Pour rappel, l’IBA est suspendue du mouvement olympique depuis le mois de juin 2019 (elle portait alors le nom d’AIBA). Elle a perdu le privilège d’organiser le parcours de qualification puis le tournoi olympique, pour les Jeux de Tokyo 2020, mais aussi ceux de Paris 2024. Elle ne sélectionne plus les juges et arbitres.

Plus grave, la boxe est provisoirement écartée du programme des Jeux de Los Angeles 2028, tout comme l’haltérophilie et le pentathlon moderne. Avec l’élection confirmée d’Umar Kremlev, il faudrait un miracle pour que la commission exécutive du CIO revienne sur sa décision.

Umar Kremlev le sait. Mais, à l’évidence, le Russe s’en moque. Après l’annonce du résultat du vote, dimanche 25 septembre à Erevan, il a expliqué aux délégués via un interprète que « personne d’autre ne devrait avoir d’influence sur l’organisation. Personne ne peut nous exclure« .

Puis il a précisé, cité dans un communiqué de l’instance : « Je veux envoyer un message clair aujourd’hui. L’IBA est une organisation indépendante et forte. Notre Congrès a prouvé aujourd’hui que nous sommes sur la bonne voie. Je vais présenter un plan de développement sur 4 ans lors de la réunion du Conseil d’administration. J’ai une vision claire de ce que nous devons faire pour atteindre nos objectifs. »

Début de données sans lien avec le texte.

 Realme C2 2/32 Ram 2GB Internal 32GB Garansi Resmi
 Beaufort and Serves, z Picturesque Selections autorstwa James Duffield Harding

A Erevan, l’opération suicide de l’IBA ne s’est pas limitée à donner les pleins pouvoirs à un dirigeant russe que le CIO a placé depuis deux ans sur sa liste noire. L’instance a également suspendu la Fédération ukrainienne de boxe, vendredi 23 septembre, l’empêchant ainsi de participer au vote.

Raison invoquée : officiellement, « l’ingérence du gouvernement » dans les affaires fédérales. Mais la fédération ukrainienne paye surtout sa décision d’avoir écrit aux autres pays membres pour leur demander de voter pour le tenue de nouvelles élections et l’exclusion d’Umar Kremlev.

L’IBA ne reconnaît plus Kyrylo Shevchenko comme président de la fédération ukrainienne. Elle lui préfère Volodymyr Prodyvus, connu pour être un allié d’Umar Kremlev. Le dirigeant ukrainien a quitté son pays au début de l’invasion par l’armée russe. Il est aujourd’hui vice-président de l’IBA.